There was always something that needed taken care of. The fuzzy rug in the upstairs bath sorely needed a wash. Those old Ebonys in the cellar she’d been meaning to get rid of, and the green duffel bag with the stain. They could wait till spring, she supposed.
That was the kind of thing she needed to keep her eye on, not all this mooning over what was already done with. Drive you to distraction, sure.
She had everything she needed right here. Oprah was on in fifteen minutes, and she had to wake up Rashaan, get him dress
ed and looking good for Vanessa. She had to start thinking about supper.
Changing Rashaan, she found herself thinking of what his life would be like, how she wished she could see how he turned out. She thought of Richard Skoda. His mother never called back, and since Miss Fisk hadn’t seen his name in the obituaries (she read them every day, still shocked to see people she knew), she supposed he was fine, that he would grow to be a man and marry and have children to carry on his blood. Not like her and Sherman. Benny was the end.
Was that why he was so precious?
No. It was those tiny ears, and the way he couldn’t stop asking questions at supper. The birthday presents he drew for her. The birdhouse he made in woodshop. It was because he favored her so, because for all those years she had raised him like he was her own, and he was, despite anything Yvonne might say. It was not a lie: He was her good boy.
“Who’s my good boy?” she asked Rashaan, lowering her nose to his. “Who’s my bestest, goodest little boy?”
Later, when Vanessa had come and gone, she went back into the living room. Oprah was over. It was suppertime. She looked in the fridge, then searched the freezer for a tin of macaroni and cheese.
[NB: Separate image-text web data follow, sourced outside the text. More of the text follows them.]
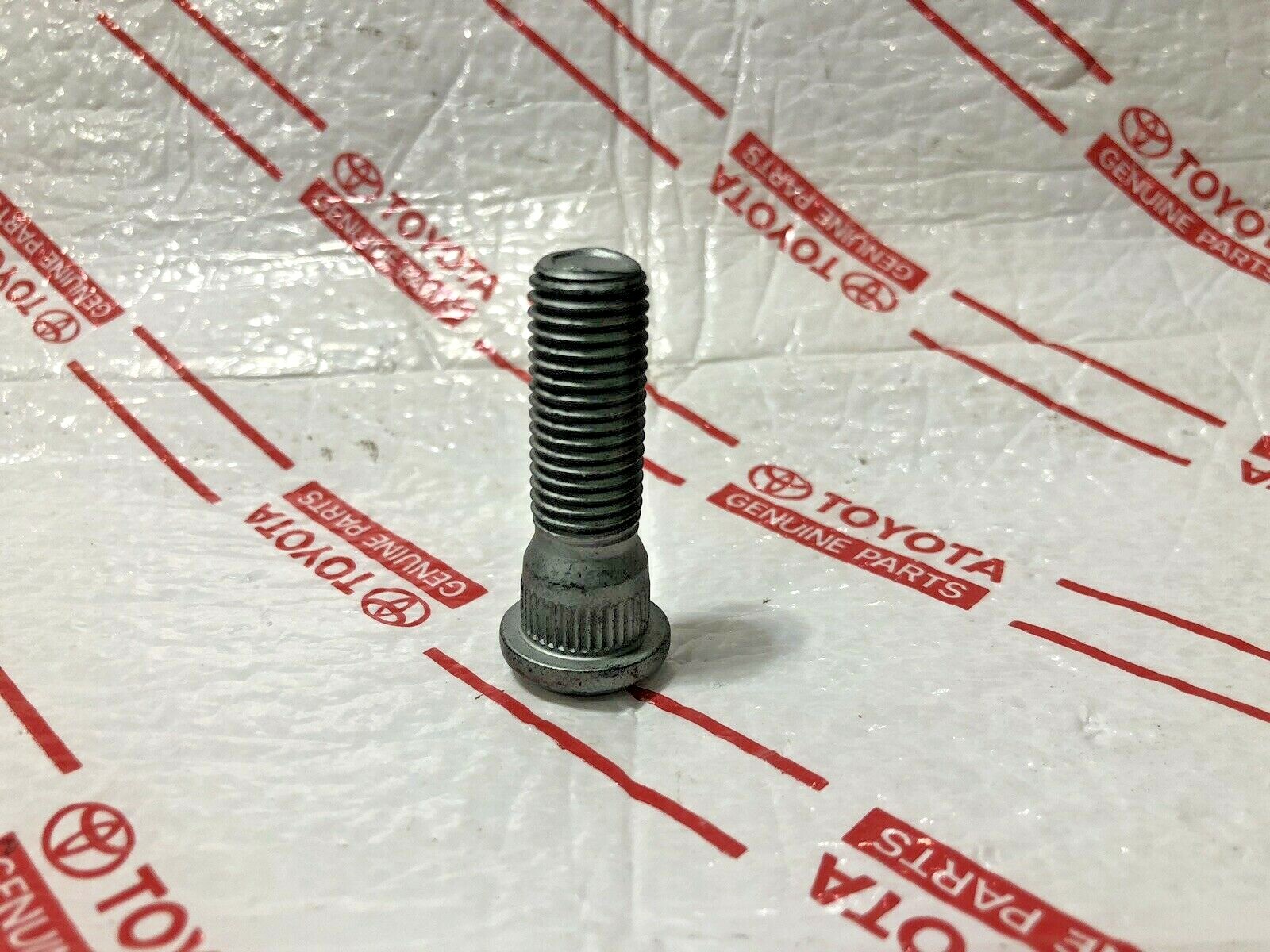 *NEW LEXUS OEM WHEEL LUG STUD BOLT CT200H ES300 ES330 ES350 ES300H GSF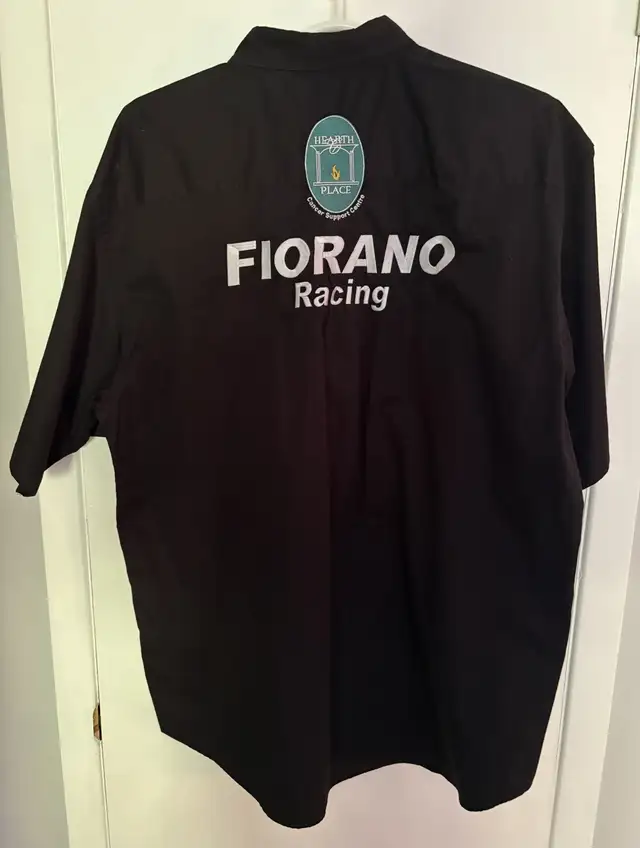 Porsche GT3 Cup Fiorano Racing XXL shirt. in Men's in Oakville / Halton Region - Image 6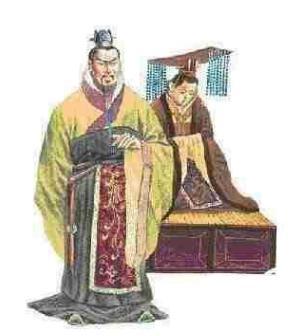 刘衎是什么结局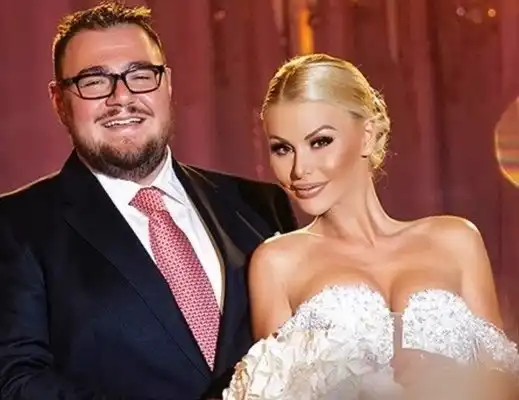 Неочакван ход на Гущеров срещу Светлана – отказва развода заради…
She struggled with the plastic wrap, lifted off the cardboard instructions, preheated the oven to 400. It would be dark in another hour, the world shrunk to a room, a light, the book she was reading.
Outside, the Coleman children were squealing, running Joey into a lather. She stood at the window, a hand gathering back the drapes. The dog knocked one of the littler girls over, and she sat on the sidewalk, bawling and cradling her hand. Miss Fisk thought she should go out and help, but in a minute the girl’s brother came by and knelt down, examining her like a doctor.
And then Miss Fisk was on the porch—oh, years ago, when Benny had just come from Milwaukee. He’d been riding some other boy’s bike and lost control, and his palms were torn raw. The scrapes were filled with grit and she had to take him in to the sink and scrub them with hot, soapy water. He screamed and wrenched back and she had to pin him against the counter with her body, grip his wrists hard under the running water as he struggled. “It’s the only way,” she said, trying not to be angry with him. When she was done, he looked up at her, trembling, tears leaking out his eyes as if he didn’t understand how she could be so mean. “Oh, baby,” she said, “I’m sorry. Come here.” She went to her knees and held him then, saying she was sorry, that she loved him. Didn’t he know that? He had to know that.